* [Data in this exercise]:
- Opening Delimiter -
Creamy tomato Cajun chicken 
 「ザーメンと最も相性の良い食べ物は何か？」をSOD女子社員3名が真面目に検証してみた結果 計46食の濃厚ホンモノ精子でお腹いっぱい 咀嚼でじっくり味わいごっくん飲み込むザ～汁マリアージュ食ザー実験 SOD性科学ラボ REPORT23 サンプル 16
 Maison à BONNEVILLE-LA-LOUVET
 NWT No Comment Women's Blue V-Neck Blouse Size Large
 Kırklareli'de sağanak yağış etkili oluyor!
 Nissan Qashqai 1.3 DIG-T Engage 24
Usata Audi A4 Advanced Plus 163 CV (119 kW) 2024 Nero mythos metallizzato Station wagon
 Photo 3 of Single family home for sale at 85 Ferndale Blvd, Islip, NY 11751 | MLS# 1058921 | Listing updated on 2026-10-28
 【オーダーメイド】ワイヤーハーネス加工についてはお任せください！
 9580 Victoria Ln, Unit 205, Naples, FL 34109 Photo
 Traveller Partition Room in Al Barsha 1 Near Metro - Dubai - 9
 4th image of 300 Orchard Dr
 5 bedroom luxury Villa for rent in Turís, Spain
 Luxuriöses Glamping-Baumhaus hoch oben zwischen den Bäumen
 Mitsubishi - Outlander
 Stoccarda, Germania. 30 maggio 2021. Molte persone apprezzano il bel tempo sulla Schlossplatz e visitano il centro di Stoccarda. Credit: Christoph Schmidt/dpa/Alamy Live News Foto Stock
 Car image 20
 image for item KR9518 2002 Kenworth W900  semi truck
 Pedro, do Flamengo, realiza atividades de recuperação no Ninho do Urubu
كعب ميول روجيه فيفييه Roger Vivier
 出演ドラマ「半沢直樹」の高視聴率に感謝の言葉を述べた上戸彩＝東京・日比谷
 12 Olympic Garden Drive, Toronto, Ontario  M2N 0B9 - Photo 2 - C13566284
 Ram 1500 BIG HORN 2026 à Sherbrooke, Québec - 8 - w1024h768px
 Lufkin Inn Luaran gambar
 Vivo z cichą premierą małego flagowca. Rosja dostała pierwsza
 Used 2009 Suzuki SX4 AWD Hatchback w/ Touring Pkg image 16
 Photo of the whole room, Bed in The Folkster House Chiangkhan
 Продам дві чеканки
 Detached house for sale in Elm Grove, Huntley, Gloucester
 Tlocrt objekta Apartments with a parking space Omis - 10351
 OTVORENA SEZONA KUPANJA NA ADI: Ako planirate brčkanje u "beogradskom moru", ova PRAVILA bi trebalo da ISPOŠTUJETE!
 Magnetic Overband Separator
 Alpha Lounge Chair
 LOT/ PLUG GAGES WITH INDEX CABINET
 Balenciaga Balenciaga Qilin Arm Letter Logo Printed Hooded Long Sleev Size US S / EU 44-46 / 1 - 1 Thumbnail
- Closing Delimiter -
Copy out, word for word, the part of the entries above that begins at the line with "Photo 3 of Single" and ends at the line with "Mitsubishi - Outlander", including both.

 Photo 3 of Single family home for sale at 85 Ferndale Blvd, Islip, NY 11751 | MLS# 1058921 | Listing updated on 2026-10-28
 【オーダーメイド】ワイヤーハーネス加工についてはお任せください！
 9580 Victoria Ln, Unit 205, Naples, FL 34109 Photo
 Traveller Partition Room in Al Barsha 1 Near Metro - Dubai - 9
 4th image of 300 Orchard Dr
 5 bedroom luxury Villa for rent in Turís, Spain
 Luxuriöses Glamping-Baumhaus hoch oben zwischen den Bäumen
 Mitsubishi - Outlander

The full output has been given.